Popularité: Un exploit, Macron réussit à faire pire qu'Hollande !

(Graphique: Le Point.fr)

Quand on écoute les informations que cela soit sur BFM, CNews, TF1, voire même sur la télé d'Etat, on a l'impression que globalement tout baigne pour Macron. Pas un jour sans un petit reportage plutôt favorable au bonhomme tant à l'international qu'au national. Il parle bien en Français comme en Anglais, ses réformes passent bien dans l'opinion, les syndicats n'arrivent pas à perturber la grande marche du petit bonhomme: Bref, tout va bien. A tel point qu'il nous balance tous les 4 matins un nouveau projet de réforme: La SNCF, le baccalauréat, le système de santé. Ça bouge à l'Elysée, les troupes se remuent et comme il se plaît à le dire: tout ce qui a été promis sera fait. Y compris la hausse de la CSG... Ce bâton foireux qu'il va traîner encore des mois voire des années, comme celui de la hausse du pouvoir d'achat dont seul lui et ses larbins semblent être convaincus.

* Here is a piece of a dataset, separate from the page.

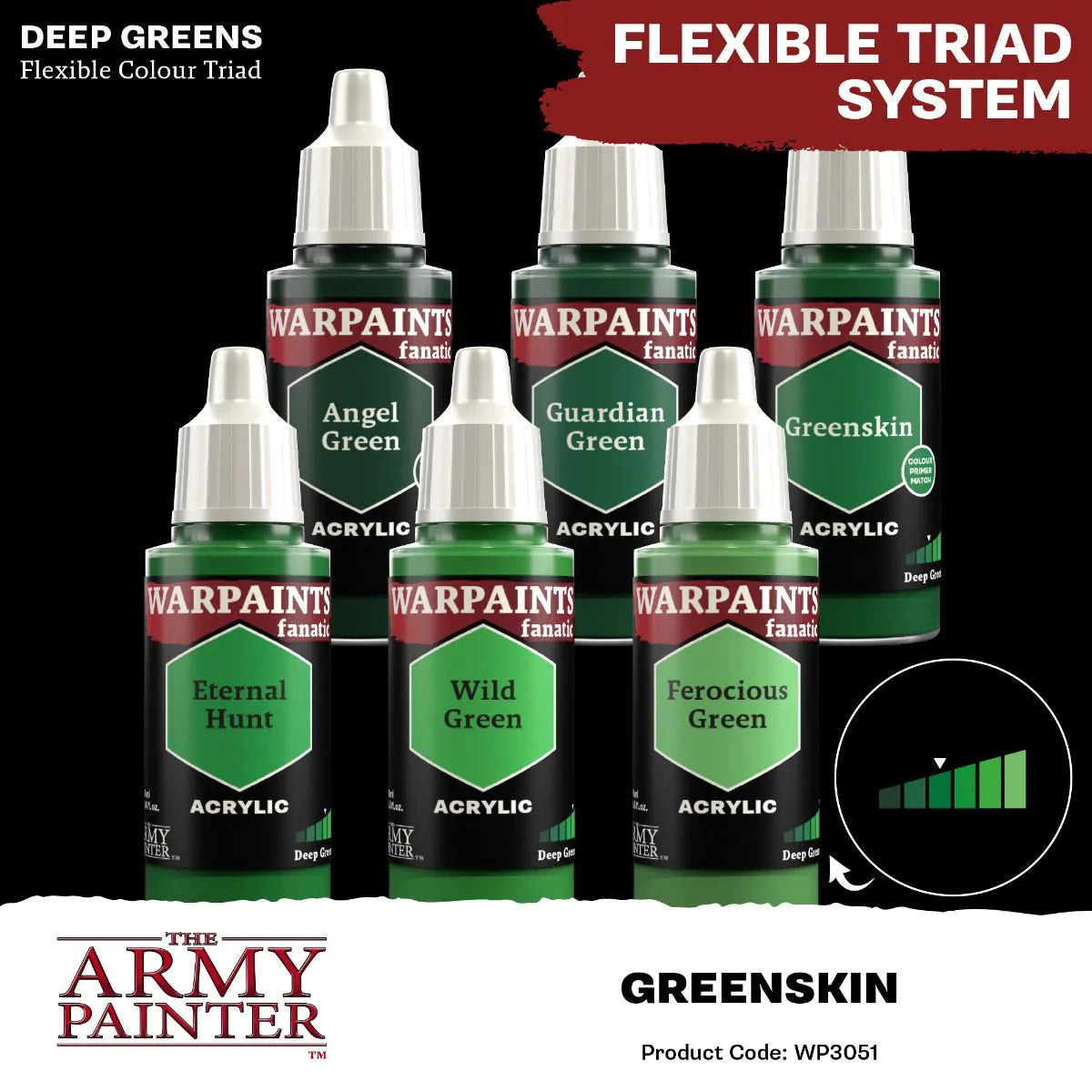 Warpaints Fanatic Acrylic: Greenskin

L'homme semble sûr de lui, un brin suffisant, voire arrogant et  nous demande de patienter, il renverra dans ses 22 toute personne qui ne sera pas convaincu par sa démarche.

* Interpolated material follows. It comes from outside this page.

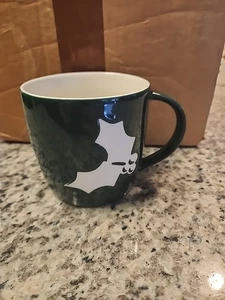 Starbucks Holiday Green w/ Embossed Holly Christmas Coffee Mug - 2011 - Picture 1 of 6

Et les médias, la palme revenant sans conteste à BFM, de s'esbaudir devant ce président qui sait tenir son cap et que rien, pas même une éventuelle contestation sociale, ne saura faire plier. Ça c'est le discours officiel, celui de dedans la télé.

Alors qu'en fait la vérité est ailleurs, elle est dans la rue, hors du périphérique, là où il y a la France qui bosse, qui trime, qui rame et qui a du mal à boucler ses fins de mois. Bref, cette France qui n'a pas voté pour Macron ou qui l'a fait, par dépit, pour ne pas voter pour Le Pen.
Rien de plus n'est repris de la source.